A new online system designed to make it easier for people to buy train tickets home for the Lunar New Year is struggling to cope with huge demand from millions of travellers across China.

The week-long holiday, also known as the Spring Festival, is the world's biggest annual migration of people as more than 200 million board trains and buses across the vast nation to celebrate with their families.

The railway ministry had hoped the online booking system would make it easier for China's migrant workers, many of whom spend days queuing up at train stations, sometimes in freezing weather, to get a ticket.

Although the holiday officially begins on January 23, demand for tickets is high many weeks in advance.

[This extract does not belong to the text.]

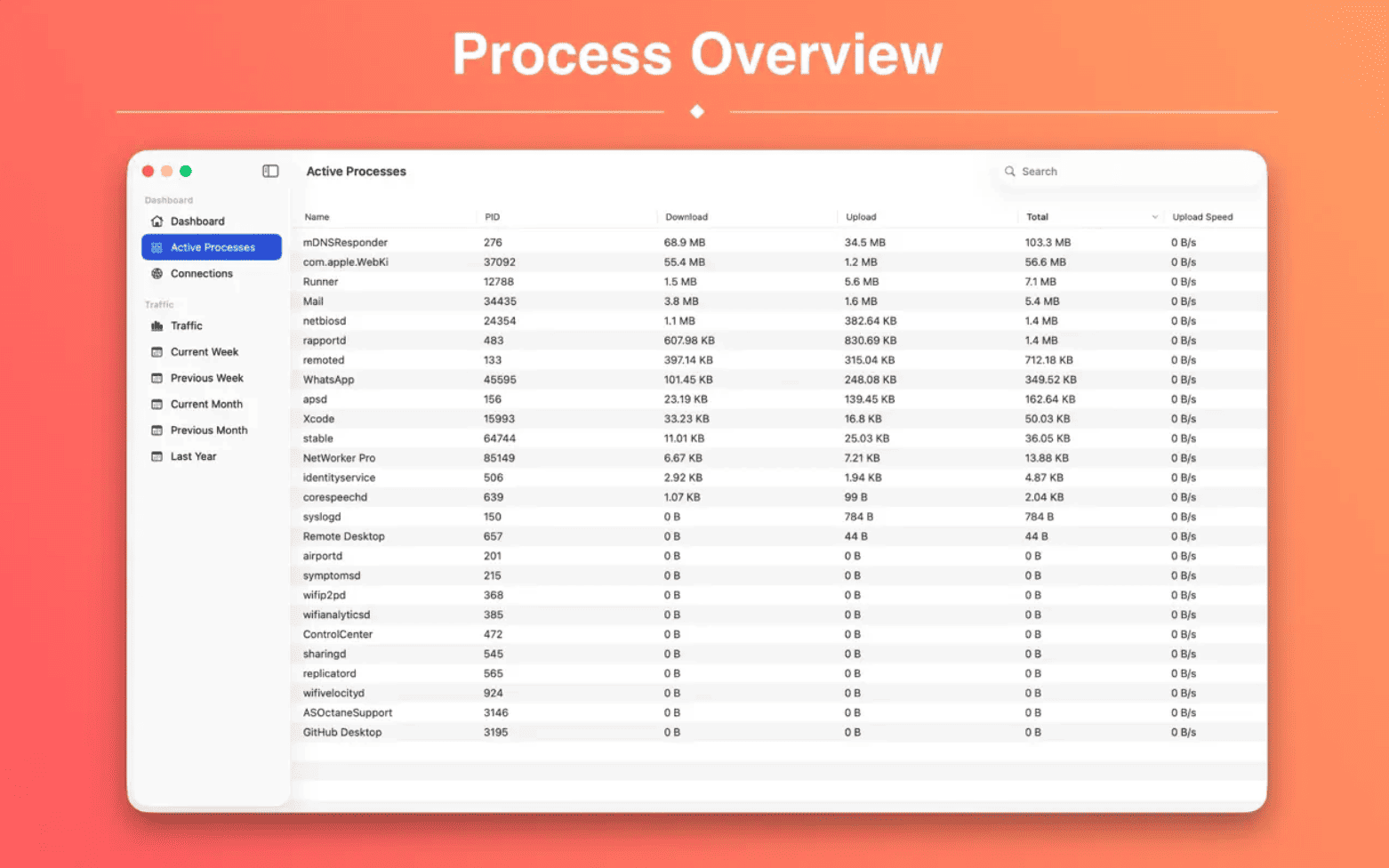 NetWorker Pro v11.0.1 macOS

The festival travel season is expected to end on February 16.

Train tickets for the holiday went on sale Sunday, but many people have complained that website glitches have left them out of pocket and with no ticket -- if they were lucky enough to log on to the site.

"I paid 218 yuan ($34) for a ticket from Shanghai to Chengdu online. When I went to collect the ticket a railway official told me he could not find the sales record," Huang Siling told the Global Times.

Many travellers flooded social networking sites to vent their anger at spending hours trying to access the new system, only to find that tickets allocated for that day had already sold out.

"Three days on end rushing for a ticket. It's almost 10 o'clock and I still can't log on. What's going on?" one web user posted on weibo, the Chinese version of Twitter.

Officials have pledged to improve the website's design and increase the network bandwidth to handle the demand, as well as refund money to out-of-pocket travellers within 15 days, state media said.

But some travellers said they were very happy with the new system, which means they no longer have to leave their home to buy a ticket.

"This morning I bought a ticket from Beijing to Harbin while lying in bed. After three years of queuing overnight at the train station for tickets, this is a luxury for me," said Yuyebugui in a posting on weibo.